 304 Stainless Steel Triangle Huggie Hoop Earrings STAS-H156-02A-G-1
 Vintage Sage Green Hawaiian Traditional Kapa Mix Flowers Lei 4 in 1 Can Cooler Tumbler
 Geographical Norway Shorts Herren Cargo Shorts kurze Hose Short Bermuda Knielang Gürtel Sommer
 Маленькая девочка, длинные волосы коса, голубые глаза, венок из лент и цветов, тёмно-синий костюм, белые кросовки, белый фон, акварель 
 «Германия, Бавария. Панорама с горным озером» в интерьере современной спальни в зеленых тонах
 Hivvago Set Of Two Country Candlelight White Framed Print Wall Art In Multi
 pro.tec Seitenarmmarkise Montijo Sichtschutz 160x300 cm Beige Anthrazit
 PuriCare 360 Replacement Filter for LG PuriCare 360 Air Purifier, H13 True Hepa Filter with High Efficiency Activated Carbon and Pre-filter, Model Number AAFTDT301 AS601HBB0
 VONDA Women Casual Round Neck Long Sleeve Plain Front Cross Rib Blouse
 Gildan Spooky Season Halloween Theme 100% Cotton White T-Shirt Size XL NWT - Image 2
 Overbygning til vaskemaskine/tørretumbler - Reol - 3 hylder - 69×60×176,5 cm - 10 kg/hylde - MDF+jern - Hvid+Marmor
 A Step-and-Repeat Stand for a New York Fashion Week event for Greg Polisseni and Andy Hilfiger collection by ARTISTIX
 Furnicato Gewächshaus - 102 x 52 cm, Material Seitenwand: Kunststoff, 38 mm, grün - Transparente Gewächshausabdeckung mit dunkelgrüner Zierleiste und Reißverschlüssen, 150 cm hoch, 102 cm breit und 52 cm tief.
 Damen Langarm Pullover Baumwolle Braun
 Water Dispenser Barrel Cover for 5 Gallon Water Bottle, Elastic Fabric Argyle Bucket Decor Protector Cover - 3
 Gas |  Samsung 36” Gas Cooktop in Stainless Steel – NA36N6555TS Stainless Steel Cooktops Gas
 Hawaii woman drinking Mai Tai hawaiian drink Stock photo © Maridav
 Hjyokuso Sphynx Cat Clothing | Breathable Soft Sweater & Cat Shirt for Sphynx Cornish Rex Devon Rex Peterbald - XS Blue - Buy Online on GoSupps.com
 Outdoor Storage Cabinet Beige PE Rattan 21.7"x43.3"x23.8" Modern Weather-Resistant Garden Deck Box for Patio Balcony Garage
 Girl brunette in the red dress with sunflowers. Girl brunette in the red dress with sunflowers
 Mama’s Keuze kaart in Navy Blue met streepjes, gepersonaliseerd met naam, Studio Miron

━━━━━━━━━━

__TASK REQUIREMENTS__.
Show each line of the material holding "Stainless".

__RESULT FOR THIS EXERCISE__.
 304 Stainless Steel Triangle Huggie Hoop Earrings STAS-H156-02A-G-1
 Gas |  Samsung 36” Gas Cooktop in Stainless Steel – NA36N6555TS Stainless Steel Cooktops Gas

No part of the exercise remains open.